Thursday, July 19, 2012

Werdyab Videos


DANCE WALKING
An informerical about the hottest new exercise craze called dance walking. But let's be honest, nobody really cares about this exercise idea.  They just want to see me embarrass myself in public.




EVOLUTION OF DANCE
Let me take you on a musical journey from the 60s to today as I perform dance classics like the running man, the sprinkler, the snake, and whatever hot mess Ke$ha calls "dancing".




MAKING OF THE EVOLUTION OF DANCE
Ever wonder what it's like to make an Evolution of Dance video?  Well, it's awful.  And it's bad for a marriage.  WRITE THAT ONE DOWN. 




ELLEN'S DANCE DARE AT DISNEY WORLD
Ellen DeGeneres challenges viewers to dance behind unsuspecting strangers in public places.  Can you think of a better place to do that than at Disney World?  Me neither.



THE WALMART SONG 
Have I ever told you that I'm a songwriter?  Or that I had a reality television show for it?  That's weird, it's usually the first thing I brag about, because really, what says "I'm awesome" more than "I was cast for a reality television show."  Ahem.  Check out this song that I wrote about Walmart, inspired by the real People of Walmart.  




MOMDAY MORNINGS 
This was the first topic in my video series called MOMday Mornings.  My original plan was to put out bi-monthly videos, but, uh, this one posted in March and I haven't posted another one since.  I swear I'll stop procrastinating tomorrow probably. 

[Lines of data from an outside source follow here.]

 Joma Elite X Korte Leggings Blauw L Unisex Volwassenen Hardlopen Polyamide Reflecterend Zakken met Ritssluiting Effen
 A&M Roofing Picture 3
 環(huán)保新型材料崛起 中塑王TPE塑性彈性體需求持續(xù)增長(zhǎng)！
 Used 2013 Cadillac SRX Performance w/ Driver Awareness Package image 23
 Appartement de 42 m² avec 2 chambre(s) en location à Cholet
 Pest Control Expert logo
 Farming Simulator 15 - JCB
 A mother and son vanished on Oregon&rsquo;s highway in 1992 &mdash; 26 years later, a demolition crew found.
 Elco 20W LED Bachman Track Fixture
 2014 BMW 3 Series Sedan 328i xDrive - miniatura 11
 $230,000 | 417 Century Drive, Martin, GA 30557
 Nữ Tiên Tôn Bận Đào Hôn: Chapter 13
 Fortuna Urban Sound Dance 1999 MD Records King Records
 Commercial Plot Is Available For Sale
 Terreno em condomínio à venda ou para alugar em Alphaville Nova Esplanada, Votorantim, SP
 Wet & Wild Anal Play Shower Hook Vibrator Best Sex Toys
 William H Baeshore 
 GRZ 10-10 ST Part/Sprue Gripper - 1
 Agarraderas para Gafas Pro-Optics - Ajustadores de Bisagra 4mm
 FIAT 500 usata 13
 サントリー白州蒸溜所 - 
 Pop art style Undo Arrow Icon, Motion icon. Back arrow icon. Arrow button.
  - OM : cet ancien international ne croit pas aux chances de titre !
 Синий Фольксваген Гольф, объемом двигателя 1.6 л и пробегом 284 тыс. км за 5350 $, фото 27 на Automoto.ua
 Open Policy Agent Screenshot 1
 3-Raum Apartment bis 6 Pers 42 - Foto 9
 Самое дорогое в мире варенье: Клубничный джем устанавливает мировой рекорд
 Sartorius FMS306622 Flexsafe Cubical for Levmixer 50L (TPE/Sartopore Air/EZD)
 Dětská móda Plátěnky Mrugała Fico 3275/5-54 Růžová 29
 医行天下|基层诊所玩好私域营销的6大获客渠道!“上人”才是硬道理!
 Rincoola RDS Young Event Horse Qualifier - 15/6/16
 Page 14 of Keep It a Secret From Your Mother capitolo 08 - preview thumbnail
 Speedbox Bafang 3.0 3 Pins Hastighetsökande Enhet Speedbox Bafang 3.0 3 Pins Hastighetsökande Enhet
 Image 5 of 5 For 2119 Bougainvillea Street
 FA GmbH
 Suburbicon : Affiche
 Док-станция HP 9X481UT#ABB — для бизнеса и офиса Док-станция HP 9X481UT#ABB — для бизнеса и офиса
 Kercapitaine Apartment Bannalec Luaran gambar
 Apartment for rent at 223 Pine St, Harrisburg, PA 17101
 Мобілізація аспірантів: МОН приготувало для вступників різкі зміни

HEY DREW (HEY JUDE PARODY)
The church nursery worker thought that Drew said he name was Jude, but he didn't.  Awww!  Bless his little Toddlish speakin' heart!  And thus, a Beatles parody was born.




NKOTB FRONT ROW
Donnie Wahlberg kissed me.  And that's all I have to say about that. 




MOMMY RHAPSODY
My church was like, "Who can we get to embarrass herself in front of the entire congregation?  Oh, I know!  That girl who blogs!"  And I'm sorry to report that my grandmother will never get over me saying "butt" or doing cartwheels in the house of the Lord.




CHRISTMAS MORNING BUST
This past Christmas, I wondered if my 10-year-old daughter knew that Santa Claus wasn't real.  With her probably knowing and me knowing that she probably knew and her probably knowing that I knew she probably knew, it was pretty uncomfortable.    




TODDLER TRUTH
What started out as a cute, sweet video took a vicious left turn when Brian asked Drew, "What does a Mama say?"  Well, at least I know he's listening.